When al-Qaeda's plans to bomb the American Stock Exchange in New York recently came to light, Homeland Security Chief Tom Ridge raised the alert level to orange and barricades went up around financial institutions. Then the public learned that Ridge based the new alert on three-year-old information. Within days, the Bush administration was scraping egg off its face.

Politics aside, these two scenarios show the stark difference between giving citizens information that enables them to act and information that leaves them confused and fearful. It also reveals the limitations of grafting a domestic crime-fighting tactic like Neighborhood Watch onto the problem of international terrorism.

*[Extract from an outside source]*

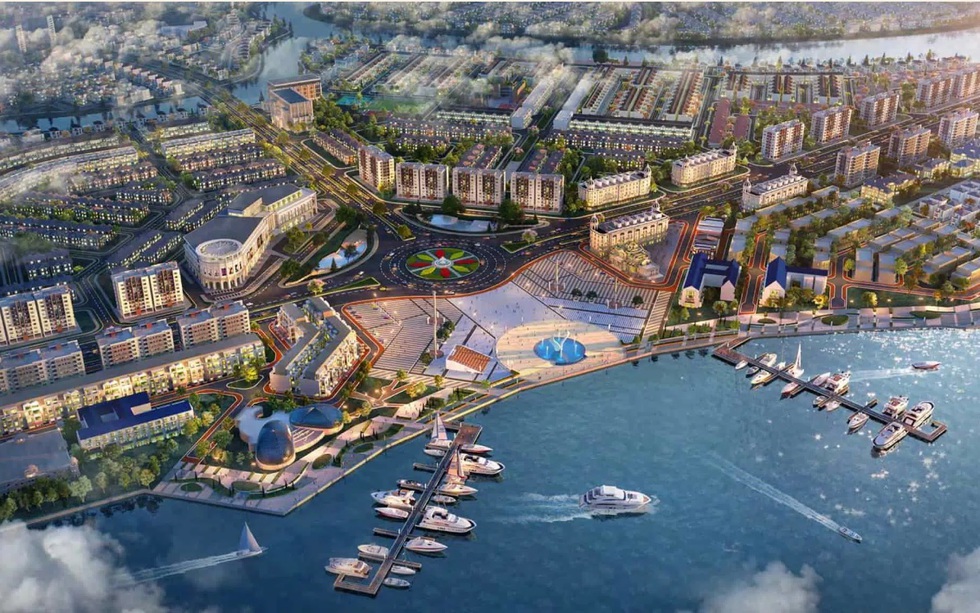 Siêu dự án Aqua City của Novaland tiếp tục được ‘thông đường’ sau thời gian gặp khó khăn lớn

Yet, that's exactly what's happening to the decades-old volunteer crime prevention strategy most people recognize from the signs featuring a large eyeball and the warning that "suspicious activities will be reported to police." This fall, the National Crime Prevention Council plans to train Neighborhood Watchers to include in their definition of "suspicious activities" anything that could be linked to terrorism.

Both George Bush and John Kerry include Neighborhood Watch in their arsenal of weapons against al-Qaeda. Bush brought the Watch under the Homeland Security umbrella after 9/11 and granted the National Sheriffs Association almost $2 million in 2003 to expand the list of registered Watch groups. Kerry and running mate John Edwards have also called for raising the number of Watches. Campaigning in Colorado, Kerry said that since Americans already use the approach to protect themselves against vandals or burglars, they might also apply it against terrorists.

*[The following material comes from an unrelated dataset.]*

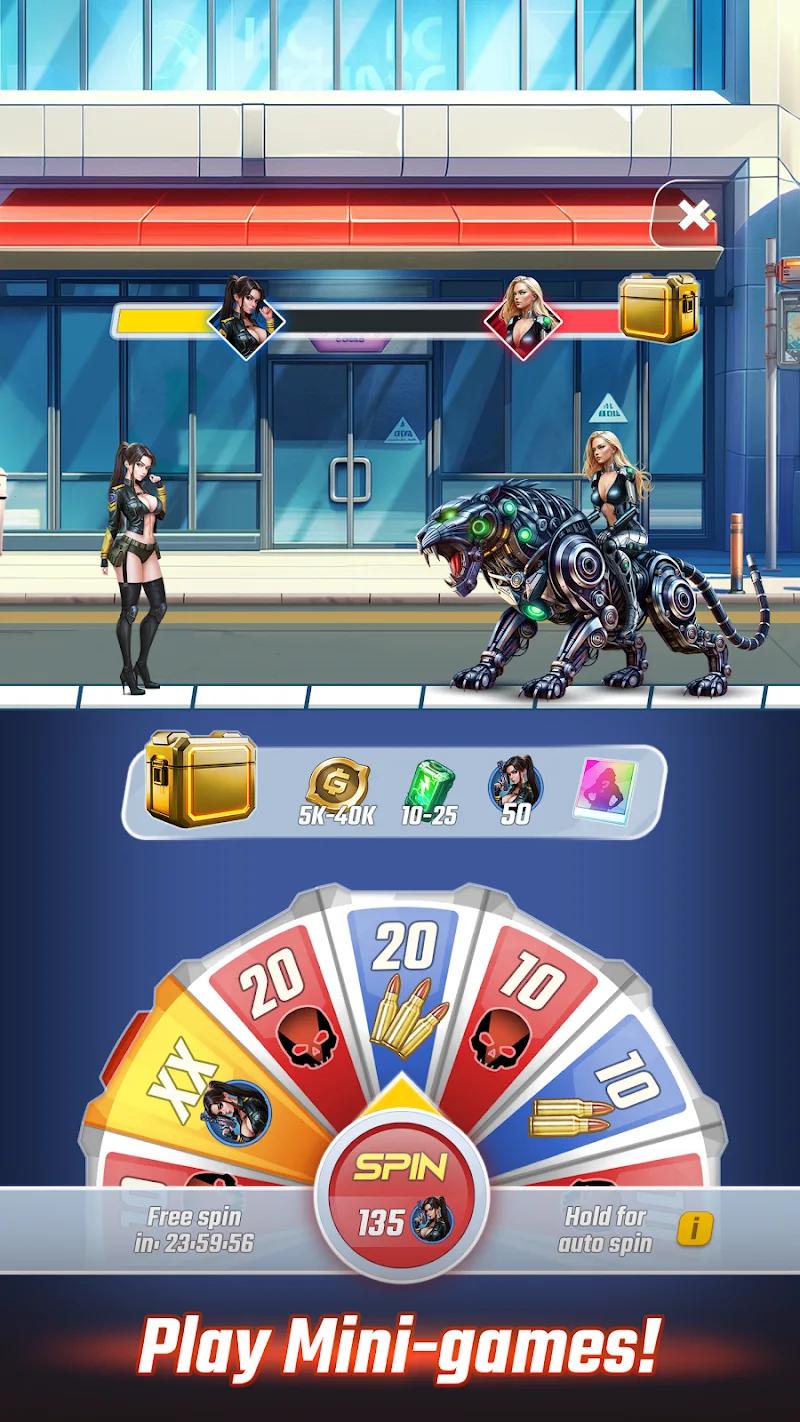 Guns, Love & Glory Screenshot 3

Civil libertarians are quick to warn against turning neighbors into snitches based on racial or ethnic profiling. But the deeper flaw in both Bush and Kerry's approach is a basic misunderstanding of the real genius of Neighborhood Watch: It works best as a grassroots, citizen-led effort, not as a top-down federal program.

From its inception in the late 1960s, the concept represented a shift away from citizens being passive recipients of government services and police protection to neighbors taking charge of their own security as local units independent of police control. In 1972, "Neighborhood Watch" was officially born when the National Sheriffs Association institutionalized it. That's when the talk of neighbors as the "eyes and ears" of police became more common, and citizens became adjuncts to law enforcement -- not directors of it.

Nevertheless, the two basic insights that gave birth to the Watch and underpin it remain: The police can't do the job alone, and an organized community where neighbors look out for each other is harder to victimize than one where individuals are isolated and fearful. With an average of 2.4 police per 1,000 residents in the U.S, it's obvious that a couple of officers in a patrol car can't possibly keep hundreds of people safe unless somebody else pitches in. When ordinary people do pitch in, they form bonds with each other, and it's those relationships -- not just reporting to police -- which actually deter crime.

At its best, Neighborhood Watch has logged countless success stories. Neighbors have taken back public parks from drug dealers in Richmond, California and reduced gang violence in Boston. They've stopped burglars in rural Mississippi and suburban Ohio.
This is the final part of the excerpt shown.